Teenage Mutant Ninja Turtles 3: Mutant Nightmare
Teenage Mutant Ninja Turtles follows our favorite superhero mutant turtles fighting under the tutelage of their anthropomorphic rat father-figure and mentor: Splinter. We’ve had the pleasure of having the Teenage Mutant Ninja Turtles in our lives since the 1980s through almost every available media avenue from a television series to video games. The first Teenage Mutant Ninja Turtles game was in 1989 for the Nintendo Entertainment System, or NES. Since then, there’s been a game almost every single year since the original TMNT game. One of those games, released in 2005 for the PS2, was Teenage Mutant Ninja Turtles 3: Mutant Nightmare.
More Of What You Know
Teenage Mutant Ninja Turtles 3: Mutant Nightmare adapts the fighting system of smashing whatever is in your way. There’s very little reason to change how the system works since it’s what makes the game fun but it would be nice to see some deviation of gameplay. Teenage Mutant Ninja Turtles are action heroes after all. You would expect to only see them beating up enemies in their way.
Trying New Things
While Teenage Mutant Ninja Turtles 3: Mutant Nightmare is the same game we know from the TMNT series, it does try to bring in new things like the Mutant Nightmare ability that makes your turtle practically invincible. It’s a great way to feel like you’re the Hulk of the turtle-verse by smashing anything in your way. Mutant Nightmare also tries to have some role-playing elements in the game where you upgrade your character by collecting crystals by defeating enemies during missions. After a mission ends, you use the crystal to buy new abilities you can use for the next mission. Unlike previous titles where you only play with one or two turtles on the screen, Mutant Nightmare has all four turtles fighting at the same time. You control one of the turtles without worrying about needing to switch to the other ones. Unfortunately, they’ve upgraded the artificial intelligence of the other turtles to make them smarter, which makes the levels sort of boring as you mainly blow through them with little difficulty.
Port Of Nostalgic Title
If anything, one of the better features of Mutant Nightmare is the fact that their in-game arcade has a port of TMNT: Turtles In Time. It’s a nostalgic title for many because it’s one of the best-selling TMNT games of all time. Of course, it’s just a port of the game, so it’s a little clunky but it’s definitely a good selling point for Mutant Nightmare.

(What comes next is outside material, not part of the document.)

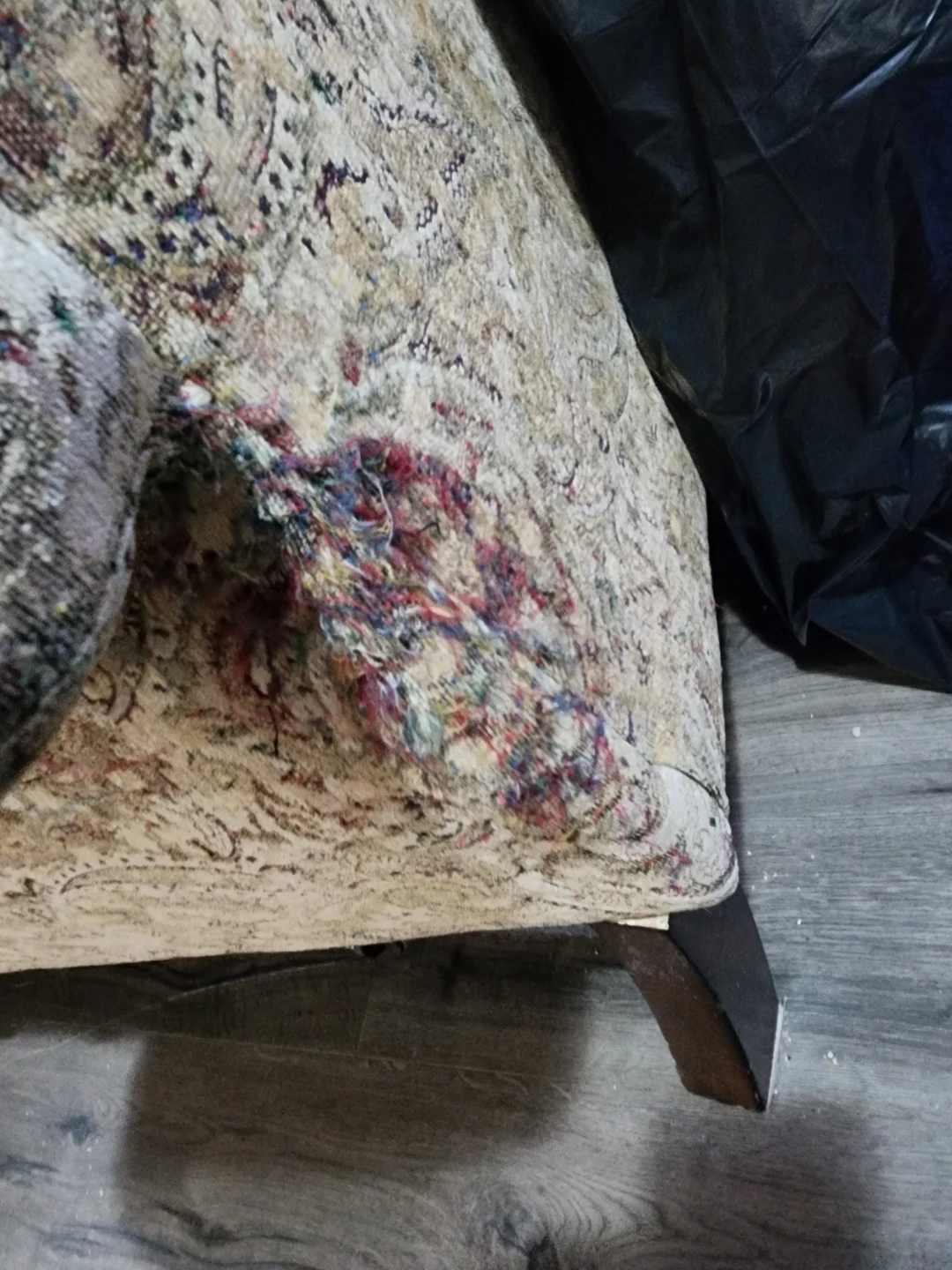 Free large couch and chair - photo 4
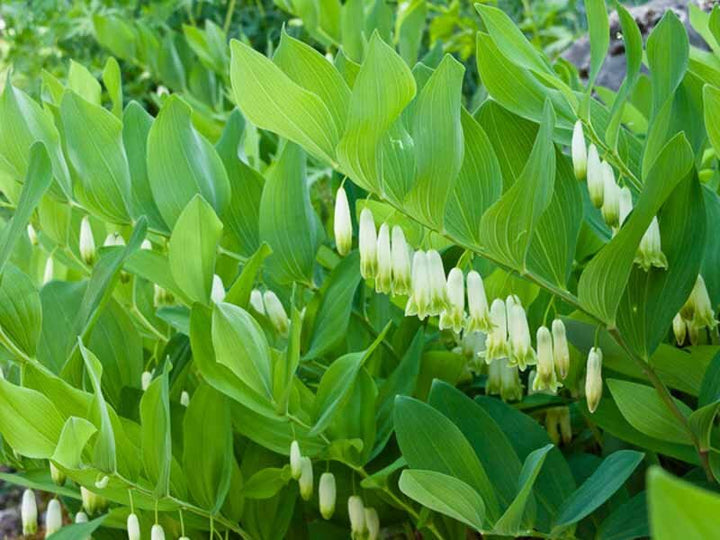 Green Polygonatum (Solomon’s Seal) Seeds – Heirloom, Non-GMO, High Germination Seeds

All in all, Mutant Nightmare doesn’t deviate much from the beat-em-up style of gameplay that TMNT has adapted. Mutant Nightmare is not very challenging for the average gamer but it’s a decent addition to the TMNT video game series.
- Unique cel-shaded graphics
- Arcade containing TMNT: Turtles In Time
- Mutant Nightmare uses the same voice actors of the show
- Doesn’t deviate from the classic beat-em-up fighting system
- No real difficulty or challenge to the game
- Computer-generated cutscenes are not impressive
If the game was a little more challenging, then TMNT: Mutant Nightmare would have a higher score but it’s simplicity and lack of challenge is its downfall.